The reason we know that these eggs are the gifts Daenerys receives is because of two easter eggs: that firstly, Daenerys lived in the Sealord of Braavos’ manse, and secondly, Jaehaerys I makes a comment about to Rhaena about the importance of getting the eggs back, lest they fall into the hands of “some Pentoshi spicemonger.” Illyrio Mopatis, the man who gifts Daenerys the eggs, happens to be a Pentoshi merchant who deals in spices.

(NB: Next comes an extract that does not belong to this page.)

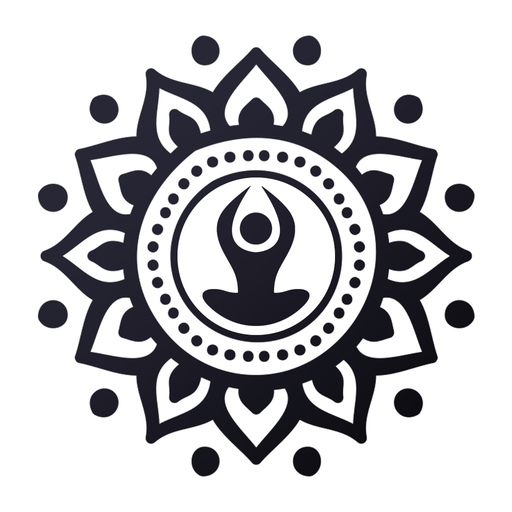 ZenBook - Coloring Calm Games app icon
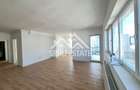 Apartament 4 camere, 2 bai bloc nou cu lift si parcare - 10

The Greens have absolutely NOTHING to do with Daenerys getting her dragon eggs. Also, why are TG fighting for their right to claim ownership over the imperialist mad queen’s genocidal nuclear weapons ?
Hateful. Just hateful. The people who claim Dany will go Mad also don't think that the very man who describes how they describe Targaryens--Aemond--is a maniac with a genocidal weapon. Or they say he's at least being used to reinforce male primogeniture through Aegon's claim. So you know, we know what they really are about.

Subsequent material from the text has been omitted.